Exercise directions:
The entries below contain a line with "Cashmere and wool" and a line with "Escarpins Cuir COVE GLOW T rouge, CLARKS". Retype exactly everything from the first down to the second, both included, and nothing else.

- Opening Delimiter -

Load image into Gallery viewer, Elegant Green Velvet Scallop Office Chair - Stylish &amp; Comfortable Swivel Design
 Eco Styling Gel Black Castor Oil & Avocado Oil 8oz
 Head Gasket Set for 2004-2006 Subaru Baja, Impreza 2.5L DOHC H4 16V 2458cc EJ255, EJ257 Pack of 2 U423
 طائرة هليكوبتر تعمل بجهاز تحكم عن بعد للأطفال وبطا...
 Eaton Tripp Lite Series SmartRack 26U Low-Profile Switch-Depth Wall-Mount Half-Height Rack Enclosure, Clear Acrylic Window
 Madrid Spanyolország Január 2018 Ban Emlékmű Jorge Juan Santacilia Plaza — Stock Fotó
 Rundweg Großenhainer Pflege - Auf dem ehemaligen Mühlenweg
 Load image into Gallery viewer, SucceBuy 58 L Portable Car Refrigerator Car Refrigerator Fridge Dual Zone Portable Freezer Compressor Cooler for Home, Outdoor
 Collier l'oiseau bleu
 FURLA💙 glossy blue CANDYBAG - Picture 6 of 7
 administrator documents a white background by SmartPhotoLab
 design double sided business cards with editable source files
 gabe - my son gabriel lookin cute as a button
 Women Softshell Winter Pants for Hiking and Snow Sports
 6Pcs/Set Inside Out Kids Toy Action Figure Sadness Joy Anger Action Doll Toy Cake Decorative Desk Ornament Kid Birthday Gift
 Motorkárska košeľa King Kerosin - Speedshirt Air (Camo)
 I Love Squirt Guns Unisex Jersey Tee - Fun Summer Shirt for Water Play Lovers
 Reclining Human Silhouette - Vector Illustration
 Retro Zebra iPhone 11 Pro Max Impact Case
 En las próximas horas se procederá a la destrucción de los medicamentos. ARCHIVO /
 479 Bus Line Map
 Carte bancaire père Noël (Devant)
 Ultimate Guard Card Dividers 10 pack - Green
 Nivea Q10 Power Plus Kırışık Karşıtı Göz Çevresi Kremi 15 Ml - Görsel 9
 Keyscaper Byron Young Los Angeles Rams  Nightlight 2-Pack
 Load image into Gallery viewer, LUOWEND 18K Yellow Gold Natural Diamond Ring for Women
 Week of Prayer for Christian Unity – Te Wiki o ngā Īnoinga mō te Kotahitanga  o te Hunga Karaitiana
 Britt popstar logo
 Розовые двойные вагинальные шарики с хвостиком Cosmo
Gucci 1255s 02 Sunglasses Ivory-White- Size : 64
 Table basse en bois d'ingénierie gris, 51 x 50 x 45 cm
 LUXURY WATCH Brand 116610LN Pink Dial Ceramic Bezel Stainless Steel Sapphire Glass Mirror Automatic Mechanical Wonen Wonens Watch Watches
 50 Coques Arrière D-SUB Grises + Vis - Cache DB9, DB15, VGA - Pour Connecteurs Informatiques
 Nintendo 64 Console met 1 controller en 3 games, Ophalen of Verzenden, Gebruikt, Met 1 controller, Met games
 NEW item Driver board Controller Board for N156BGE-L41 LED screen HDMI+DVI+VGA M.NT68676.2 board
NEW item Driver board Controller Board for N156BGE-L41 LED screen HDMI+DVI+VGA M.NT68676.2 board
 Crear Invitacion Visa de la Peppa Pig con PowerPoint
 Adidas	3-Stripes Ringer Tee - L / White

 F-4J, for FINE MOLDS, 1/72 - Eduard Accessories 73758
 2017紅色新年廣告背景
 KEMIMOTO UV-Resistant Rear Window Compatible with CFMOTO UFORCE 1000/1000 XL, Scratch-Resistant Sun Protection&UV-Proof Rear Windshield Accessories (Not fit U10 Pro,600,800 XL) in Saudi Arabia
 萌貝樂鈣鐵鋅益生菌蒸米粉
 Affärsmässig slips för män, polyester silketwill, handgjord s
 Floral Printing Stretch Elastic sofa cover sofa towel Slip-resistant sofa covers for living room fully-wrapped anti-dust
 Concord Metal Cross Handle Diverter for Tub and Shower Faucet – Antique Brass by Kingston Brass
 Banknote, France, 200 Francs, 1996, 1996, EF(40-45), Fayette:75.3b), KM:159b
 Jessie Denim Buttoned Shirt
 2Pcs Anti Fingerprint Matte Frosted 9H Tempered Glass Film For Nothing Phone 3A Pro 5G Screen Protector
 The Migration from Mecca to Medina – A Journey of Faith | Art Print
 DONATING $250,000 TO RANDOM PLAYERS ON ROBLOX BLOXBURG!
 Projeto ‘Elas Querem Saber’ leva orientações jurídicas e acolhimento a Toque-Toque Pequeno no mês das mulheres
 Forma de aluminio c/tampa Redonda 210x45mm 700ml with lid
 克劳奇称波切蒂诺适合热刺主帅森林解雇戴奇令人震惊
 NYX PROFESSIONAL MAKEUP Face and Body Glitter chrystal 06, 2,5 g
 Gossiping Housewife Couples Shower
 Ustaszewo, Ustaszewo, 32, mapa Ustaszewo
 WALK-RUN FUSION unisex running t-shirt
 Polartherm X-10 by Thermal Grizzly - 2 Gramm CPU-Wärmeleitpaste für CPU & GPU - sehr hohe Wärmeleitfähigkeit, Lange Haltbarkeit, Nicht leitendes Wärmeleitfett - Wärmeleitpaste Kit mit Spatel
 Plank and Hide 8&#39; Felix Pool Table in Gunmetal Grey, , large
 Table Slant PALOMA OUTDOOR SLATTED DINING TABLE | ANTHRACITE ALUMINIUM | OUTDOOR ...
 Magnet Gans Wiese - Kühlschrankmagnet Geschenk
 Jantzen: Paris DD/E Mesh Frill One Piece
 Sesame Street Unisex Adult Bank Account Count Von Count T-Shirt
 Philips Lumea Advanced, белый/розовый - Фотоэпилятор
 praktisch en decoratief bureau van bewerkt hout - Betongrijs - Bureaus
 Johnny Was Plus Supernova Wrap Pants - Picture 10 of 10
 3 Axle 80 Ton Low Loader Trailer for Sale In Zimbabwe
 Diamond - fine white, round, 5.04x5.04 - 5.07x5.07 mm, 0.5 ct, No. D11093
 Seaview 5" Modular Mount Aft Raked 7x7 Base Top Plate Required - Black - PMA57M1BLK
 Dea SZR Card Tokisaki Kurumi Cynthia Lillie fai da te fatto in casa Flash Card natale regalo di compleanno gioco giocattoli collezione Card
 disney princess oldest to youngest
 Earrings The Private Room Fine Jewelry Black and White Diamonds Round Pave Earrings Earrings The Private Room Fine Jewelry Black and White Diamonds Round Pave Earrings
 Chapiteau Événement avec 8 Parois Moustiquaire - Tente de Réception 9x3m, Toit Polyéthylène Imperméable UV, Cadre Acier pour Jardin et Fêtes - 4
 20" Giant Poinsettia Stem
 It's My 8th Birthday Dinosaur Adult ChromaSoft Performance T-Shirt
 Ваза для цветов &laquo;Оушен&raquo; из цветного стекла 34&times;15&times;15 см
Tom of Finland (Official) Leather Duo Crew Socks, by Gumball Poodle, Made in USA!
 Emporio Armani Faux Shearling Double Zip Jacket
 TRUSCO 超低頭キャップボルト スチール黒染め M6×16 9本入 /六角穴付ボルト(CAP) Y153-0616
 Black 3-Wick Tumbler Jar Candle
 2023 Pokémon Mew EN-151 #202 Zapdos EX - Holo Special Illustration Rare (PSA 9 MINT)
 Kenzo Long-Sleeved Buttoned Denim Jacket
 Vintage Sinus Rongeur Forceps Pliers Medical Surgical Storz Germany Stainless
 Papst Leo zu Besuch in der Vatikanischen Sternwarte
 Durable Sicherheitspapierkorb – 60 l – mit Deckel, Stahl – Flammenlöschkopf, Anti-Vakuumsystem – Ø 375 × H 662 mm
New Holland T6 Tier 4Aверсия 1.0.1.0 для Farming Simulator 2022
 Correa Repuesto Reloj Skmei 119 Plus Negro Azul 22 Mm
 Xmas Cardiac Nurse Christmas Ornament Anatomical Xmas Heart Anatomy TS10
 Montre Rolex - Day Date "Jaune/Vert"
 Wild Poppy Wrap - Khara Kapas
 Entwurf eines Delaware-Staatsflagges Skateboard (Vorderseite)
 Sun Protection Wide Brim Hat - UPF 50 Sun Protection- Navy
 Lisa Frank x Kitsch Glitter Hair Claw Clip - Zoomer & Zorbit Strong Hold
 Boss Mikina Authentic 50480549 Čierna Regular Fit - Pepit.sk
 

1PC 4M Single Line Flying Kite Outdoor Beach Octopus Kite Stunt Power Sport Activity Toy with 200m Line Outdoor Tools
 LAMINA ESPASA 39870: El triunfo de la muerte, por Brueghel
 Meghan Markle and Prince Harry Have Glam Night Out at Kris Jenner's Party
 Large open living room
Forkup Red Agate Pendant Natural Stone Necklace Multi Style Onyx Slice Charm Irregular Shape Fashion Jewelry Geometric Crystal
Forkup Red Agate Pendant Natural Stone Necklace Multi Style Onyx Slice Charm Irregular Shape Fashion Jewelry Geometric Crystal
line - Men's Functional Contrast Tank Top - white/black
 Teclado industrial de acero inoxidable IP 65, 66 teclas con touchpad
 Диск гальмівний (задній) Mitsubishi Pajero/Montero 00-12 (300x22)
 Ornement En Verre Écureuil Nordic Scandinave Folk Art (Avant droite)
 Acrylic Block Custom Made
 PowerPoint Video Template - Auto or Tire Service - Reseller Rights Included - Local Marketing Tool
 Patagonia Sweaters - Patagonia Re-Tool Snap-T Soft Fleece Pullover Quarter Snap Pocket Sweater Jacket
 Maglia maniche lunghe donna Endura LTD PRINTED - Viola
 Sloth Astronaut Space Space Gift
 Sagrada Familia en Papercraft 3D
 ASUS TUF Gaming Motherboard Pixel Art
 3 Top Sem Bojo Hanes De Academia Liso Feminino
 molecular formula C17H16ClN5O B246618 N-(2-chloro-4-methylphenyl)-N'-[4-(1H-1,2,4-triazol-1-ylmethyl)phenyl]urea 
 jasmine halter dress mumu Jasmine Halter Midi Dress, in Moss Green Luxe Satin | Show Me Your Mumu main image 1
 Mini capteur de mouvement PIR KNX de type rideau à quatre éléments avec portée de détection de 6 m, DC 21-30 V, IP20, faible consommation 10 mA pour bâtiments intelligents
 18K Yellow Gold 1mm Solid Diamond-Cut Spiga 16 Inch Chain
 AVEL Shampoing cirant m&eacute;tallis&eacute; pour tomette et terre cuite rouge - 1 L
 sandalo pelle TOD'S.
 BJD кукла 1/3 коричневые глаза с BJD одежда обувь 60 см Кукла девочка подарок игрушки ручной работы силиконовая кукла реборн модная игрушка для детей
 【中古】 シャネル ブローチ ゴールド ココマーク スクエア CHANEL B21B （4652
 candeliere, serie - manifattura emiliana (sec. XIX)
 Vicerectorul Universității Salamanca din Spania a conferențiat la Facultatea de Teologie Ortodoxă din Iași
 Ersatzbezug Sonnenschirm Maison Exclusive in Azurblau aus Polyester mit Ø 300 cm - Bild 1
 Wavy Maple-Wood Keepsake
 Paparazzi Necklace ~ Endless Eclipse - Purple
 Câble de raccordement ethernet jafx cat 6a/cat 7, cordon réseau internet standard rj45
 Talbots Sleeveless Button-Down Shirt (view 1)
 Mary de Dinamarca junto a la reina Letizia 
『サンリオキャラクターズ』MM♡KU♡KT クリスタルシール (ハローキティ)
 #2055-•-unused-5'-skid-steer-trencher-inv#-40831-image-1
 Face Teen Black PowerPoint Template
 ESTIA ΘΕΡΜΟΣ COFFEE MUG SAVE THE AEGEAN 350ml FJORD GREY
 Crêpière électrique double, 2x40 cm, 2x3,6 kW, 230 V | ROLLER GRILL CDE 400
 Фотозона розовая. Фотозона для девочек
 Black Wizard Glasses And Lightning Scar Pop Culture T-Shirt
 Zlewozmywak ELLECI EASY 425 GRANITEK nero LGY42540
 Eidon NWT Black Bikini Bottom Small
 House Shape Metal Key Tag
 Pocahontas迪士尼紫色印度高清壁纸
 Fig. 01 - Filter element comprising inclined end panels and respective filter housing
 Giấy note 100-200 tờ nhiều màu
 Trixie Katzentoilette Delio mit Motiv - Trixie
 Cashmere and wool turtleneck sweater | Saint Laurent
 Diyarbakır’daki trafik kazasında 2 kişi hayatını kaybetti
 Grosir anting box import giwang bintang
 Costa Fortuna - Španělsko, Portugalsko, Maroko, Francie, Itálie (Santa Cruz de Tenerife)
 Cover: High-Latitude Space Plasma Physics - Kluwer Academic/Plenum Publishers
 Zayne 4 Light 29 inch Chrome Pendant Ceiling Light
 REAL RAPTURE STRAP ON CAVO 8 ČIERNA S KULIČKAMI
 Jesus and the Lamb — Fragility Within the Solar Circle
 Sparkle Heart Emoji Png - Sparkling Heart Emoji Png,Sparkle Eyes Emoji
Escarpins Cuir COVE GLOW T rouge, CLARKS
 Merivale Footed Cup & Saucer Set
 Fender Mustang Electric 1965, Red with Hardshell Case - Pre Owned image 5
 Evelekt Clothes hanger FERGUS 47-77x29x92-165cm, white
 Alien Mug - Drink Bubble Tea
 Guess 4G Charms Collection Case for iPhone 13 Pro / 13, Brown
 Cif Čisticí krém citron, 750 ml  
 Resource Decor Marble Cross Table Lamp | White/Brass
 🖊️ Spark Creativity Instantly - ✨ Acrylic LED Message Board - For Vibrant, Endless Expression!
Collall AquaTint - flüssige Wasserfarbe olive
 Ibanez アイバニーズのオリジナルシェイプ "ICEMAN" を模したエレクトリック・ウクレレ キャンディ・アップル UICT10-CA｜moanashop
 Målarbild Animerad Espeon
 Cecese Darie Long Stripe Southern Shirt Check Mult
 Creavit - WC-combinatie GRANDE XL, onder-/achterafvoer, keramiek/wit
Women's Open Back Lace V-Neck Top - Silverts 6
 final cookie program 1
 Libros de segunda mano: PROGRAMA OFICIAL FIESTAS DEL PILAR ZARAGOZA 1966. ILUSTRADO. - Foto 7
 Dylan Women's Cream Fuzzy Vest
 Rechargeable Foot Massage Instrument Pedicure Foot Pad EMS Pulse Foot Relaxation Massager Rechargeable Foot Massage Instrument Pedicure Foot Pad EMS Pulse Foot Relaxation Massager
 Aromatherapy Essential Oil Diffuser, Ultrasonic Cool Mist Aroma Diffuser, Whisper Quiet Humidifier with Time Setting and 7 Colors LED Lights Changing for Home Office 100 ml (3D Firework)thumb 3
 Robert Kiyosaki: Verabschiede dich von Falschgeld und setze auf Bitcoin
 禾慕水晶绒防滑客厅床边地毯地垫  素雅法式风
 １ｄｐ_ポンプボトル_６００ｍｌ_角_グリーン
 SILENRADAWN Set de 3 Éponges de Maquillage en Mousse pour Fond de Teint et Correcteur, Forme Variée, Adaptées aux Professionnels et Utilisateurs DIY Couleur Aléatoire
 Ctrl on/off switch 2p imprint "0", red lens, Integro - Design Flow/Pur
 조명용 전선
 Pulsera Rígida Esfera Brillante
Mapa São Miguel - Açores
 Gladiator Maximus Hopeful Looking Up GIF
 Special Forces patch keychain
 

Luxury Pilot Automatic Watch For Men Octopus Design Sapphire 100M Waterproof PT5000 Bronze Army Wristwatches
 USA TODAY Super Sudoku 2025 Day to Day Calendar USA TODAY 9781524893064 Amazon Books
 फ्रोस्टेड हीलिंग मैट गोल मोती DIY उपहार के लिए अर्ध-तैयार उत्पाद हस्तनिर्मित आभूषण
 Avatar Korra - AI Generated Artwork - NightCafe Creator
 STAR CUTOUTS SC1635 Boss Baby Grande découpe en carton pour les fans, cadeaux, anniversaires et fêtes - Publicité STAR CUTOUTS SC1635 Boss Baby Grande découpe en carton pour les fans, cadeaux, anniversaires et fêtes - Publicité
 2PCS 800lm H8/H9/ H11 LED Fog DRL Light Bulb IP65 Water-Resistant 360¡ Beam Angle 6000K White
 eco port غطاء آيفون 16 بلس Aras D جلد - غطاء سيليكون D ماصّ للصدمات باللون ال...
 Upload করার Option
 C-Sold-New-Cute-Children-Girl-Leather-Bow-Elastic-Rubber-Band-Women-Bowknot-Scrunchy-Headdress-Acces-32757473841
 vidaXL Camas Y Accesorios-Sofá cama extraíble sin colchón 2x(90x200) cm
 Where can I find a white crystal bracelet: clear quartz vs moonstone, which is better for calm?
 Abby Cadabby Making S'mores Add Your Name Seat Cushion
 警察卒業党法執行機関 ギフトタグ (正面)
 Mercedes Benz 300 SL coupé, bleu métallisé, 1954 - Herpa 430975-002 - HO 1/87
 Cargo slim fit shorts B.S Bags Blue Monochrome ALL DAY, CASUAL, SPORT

- Closing Delimiter -

Task result:
 Cashmere and wool turtleneck sweater | Saint Laurent
 Diyarbakır’daki trafik kazasında 2 kişi hayatını kaybetti
 Grosir anting box import giwang bintang
 Costa Fortuna - Španělsko, Portugalsko, Maroko, Francie, Itálie (Santa Cruz de Tenerife)
 Cover: High-Latitude Space Plasma Physics - Kluwer Academic/Plenum Publishers
 Zayne 4 Light 29 inch Chrome Pendant Ceiling Light
 REAL RAPTURE STRAP ON CAVO 8 ČIERNA S KULIČKAMI
 Jesus and the Lamb — Fragility Within the Solar Circle
 Sparkle Heart Emoji Png - Sparkling Heart Emoji Png,Sparkle Eyes Emoji
Escarpins Cuir COVE GLOW T rouge, CLARKS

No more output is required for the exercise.